If Infrastructure Week had a single buzzword, it would likely be ‘digital.’ Bloomberg Live held a mini-mayor summit—another confirmation of the bottom-up theme—where the group stressed the importance of digital technology deployments to deliver long-range goals. Experts discussed the importance of both urban and rural broadband deployments. New digital equipment is a foundational component to efficiently rebuild and monitor America’s water infrastructure. And the ultimate buzz topic—autonomous vehicles—is built atop the capabilities of digital computing. Regardless of the specific infrastructure sector discussed, digital technology has a central role to play in each sector’s renewal.

However, digital technology conversations will be hollow without a people-centric focus. In the case of broadband, it’s not just about deployments—it’s also about ensuring private citizens and workers have the skills to tap the Internet’s capabilities. For autonomous vehicles, it’s not just about perfecting machine intelligence—it’s also about ensuring all people can access the technology, judging impacts on transportation-related jobs, and delivering safer streets for all travelers. It’s critical that policymakers keep their constituents in mind as they deploy the technologies developed by their private sector peers.

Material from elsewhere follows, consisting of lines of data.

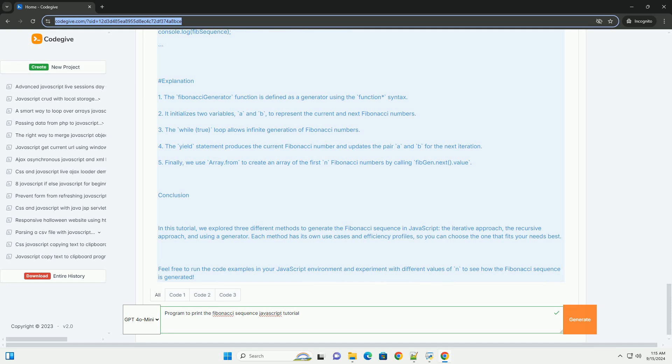By the end of the tutorial, participants should be able to implement a program that generates the Fibonacci Sequence up to a specified number of terms, reinforcing their skills in JavaScript and algorithm design.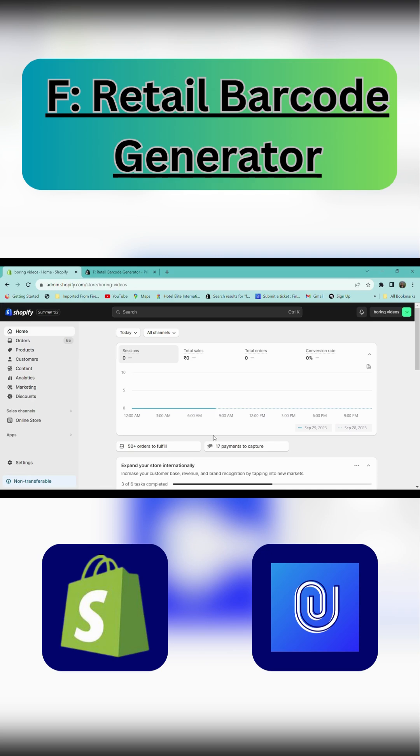In this video you will see how to generate barcode labels for your products in a Shopify store using Final Retail Barcode Generator.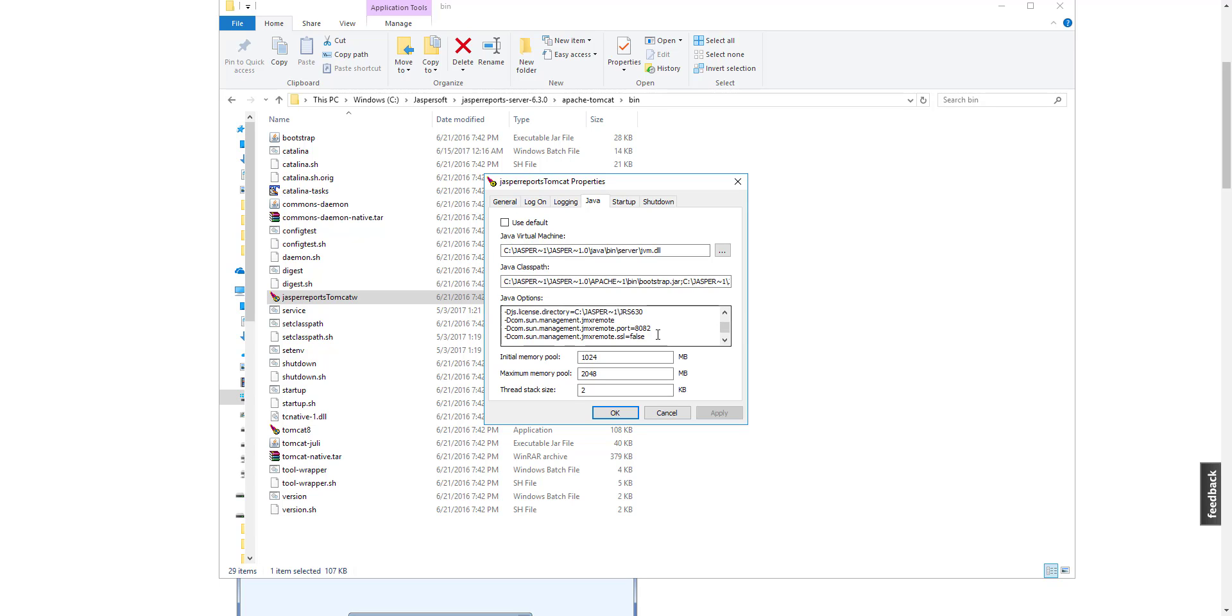The remote port is set to 8082 by default when you installed the bundled version of Jasper Server. Let us try JConsole again with 8082 this time.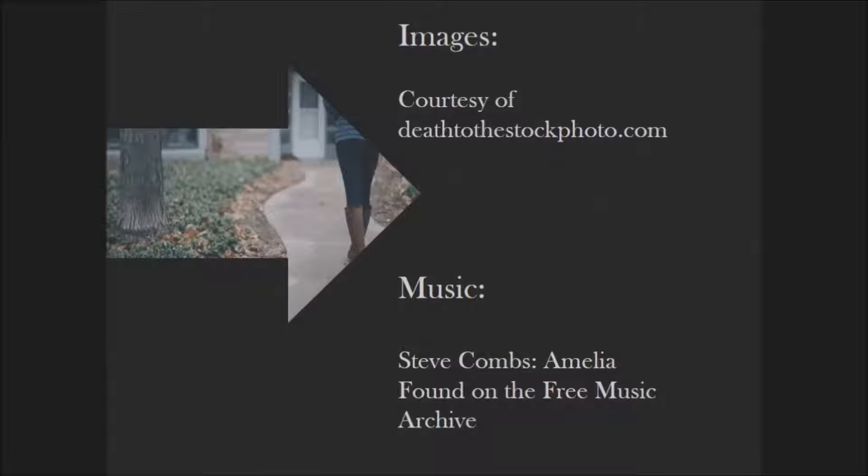And don't forget, at the end of your movie you need to credit any images and music you use. Even the free public domain ones should have a credit.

“Infrastructure equity” should be about people, not just capital investments

Digital may have been a buzzword throughout the week, but perhaps the most common word uttered was equity. However, much of the focus was on financial equity as opposed to social equity.

When it comes to financial equity, public and private sector officials continue to show a willingness to think innovatively about ownership (and risk-sharing) in the infrastructure sector. This definition of equity was well-represented throughout the week, and for good reason: opinion polls continually find clear support for greater investment in American infrastructure, but doing so will likely require more than just greater federal investment. Moving forward, governments at all levels would be wise to expand their dialogues with private infrastructure investors—including how to attract private capital while continuing to protect public interests.

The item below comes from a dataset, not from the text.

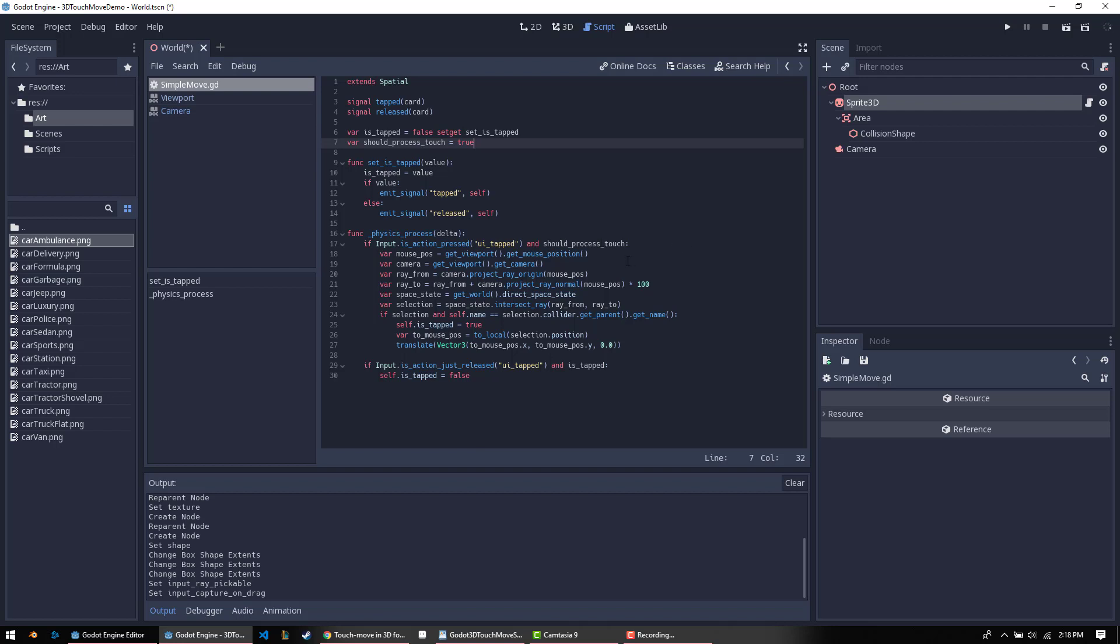Now, how this works internally, this little script, is pretty straightforward. We find the mouse position using get viewport, get mouse position. This is a two-dimensional object. It's a vector 2. And the reason for that is your screen is always in two dimensions. There's, as yet, not really any such thing as a three-dimensional screen. So your mouse position is always going to be in 2D. Then you get the camera, and that in this case is just going to pull this camera off automatically. It's the only camera in the scene.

Yet conspicuously missing from too many discussions was the concept of social equity. While it’s easy to get caught up in specific projects and their grandeur, that process clouds what infrastructure is really about: connecting people to economic opportunity. And in the United States, too many people spend too much of their time and money traveling between their houses and key destinations. A significant number of American communities face higher water bills and deep maintenance backlogs. Broadband adoption is still far from ubiquitous. Workers need better-paying jobs and clearer career pathways. There were certainly exceptions showcased throughout the week—the Bloomberg Smart Cities event, a WTS International conference—but the absence was often hard to ignore.

Wrap-Up

Infrastructure Week is always a great reminder of the countless people and organizations involved in this foundational component of the American economy. And with participation and scope growing every year, it becomes an even greater opportunity to reflect on where the sector is and where it’s going. Based on the 2017 vintage, we feel confident that infrastructure will continue to serve a central place in policy dialogues for the coming year. And during that time, we’ll continue working with our colleagues to build an even bigger tent.